Module binomial_multi

Expand description

Penalized multi-output binomial-logit fitter at fixed λ.

This is the row-diagonal sibling of crate::multinomial: the same shared design X ∈ ℝ^{N×P} and shared penalty S ∈ ℝ^{P×P} are reused across K independent binomial-logit response columns. Per-column smoothing parameters λ_a (length K) scale S independently for each response. Because the Fisher information has no cross-column coupling (H_{n,a,b} = δ_{ab} · w_n · μ_{n,a} (1 − μ_{n,a})), the joint penalized Hessian is block-diagonal in the K P × P per-response systems; the shared crate::penalized_vector_glm engine factors that block-diagonal Hessian in a single coupled damped-Newton loop, which is mathematically identical to K independent per-column solves.

§Fit problem

Minimise the penalized negative log-likelihood

  F(β) = − Σ_n Σ_a w_n [ y_{n,a} log μ_{n,a} + (1 − y_{n,a}) log(1 − μ_{n,a}) ]
          + ½ Σ_a λ_a · β_aᵀ S β_a

with μ_{n,a} = σ(η_{n,a}), η_{n,a} = (X β_a)_n. The per-column Newton step solves

  (Xᵀ diag(w_n μ_{n,a}(1 − μ_{n,a})) X + λ_a S) δ_a = − [Xᵀ diag(w_n)(μ_{·,a} − y_{·,a}) + λ_a S β_a]

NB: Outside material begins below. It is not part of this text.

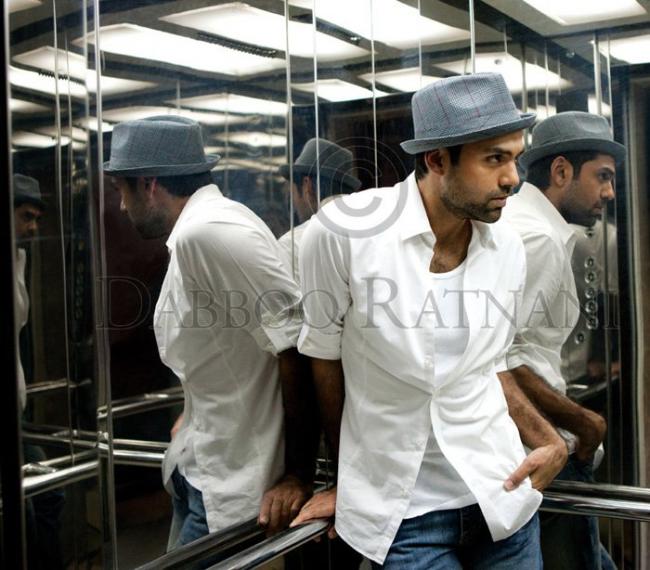 Neha+dhupia+kissing+abhay+deol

followed by a backtracking line search on F (full step first, halve up to 8 times) so monotone descent is enforced even when the quadratic model overshoots near saturation. This is precisely the shared crate::penalized_vector_glm scaffold; this module supplies only the row-diagonal binomial Fisher block, residual, and log-likelihood via [BinomialMultiLikelihood].

§Relation to the multi-class softmax driver

crate::multinomial::fit_penalized_multinomial handles the coupled softmax Fisher block H_{n,a,b} = w_n μ_{n,a} (δ_{ab} − μ_{n,b}) and is the right entry when the user wants a single normalized probability vector per row. This driver is the right entry when the user has K independent binary marginals sharing a smooth basis (e.g. multi-label classification, multi-trait penalised logistic regression on a Duchon latent design). Both families are thin Fisher-block adapters over the same penalized_vector_glm engine: the only difference is that the softmax block is dense across outputs while these binomial columns are row-diagonal.

The function-boundary contract mirrors fit_penalized_multinomial so the two are interchangeable at the FFI layer: same input arity, same convergence semantics, same (N, K) fitted-probability output.

Structs§

BinomialMultiFitInputs: Inputs for fit_penalized_binomial_multi.
BinomialMultiFitOutputs: Outputs of fit_penalized_binomial_multi.

Functions§

fit_penalized_binomial_multi: Fit K independent penalized binomial-logit GLMs sharing the design X and penalty S. See the module docs for the optimization problem.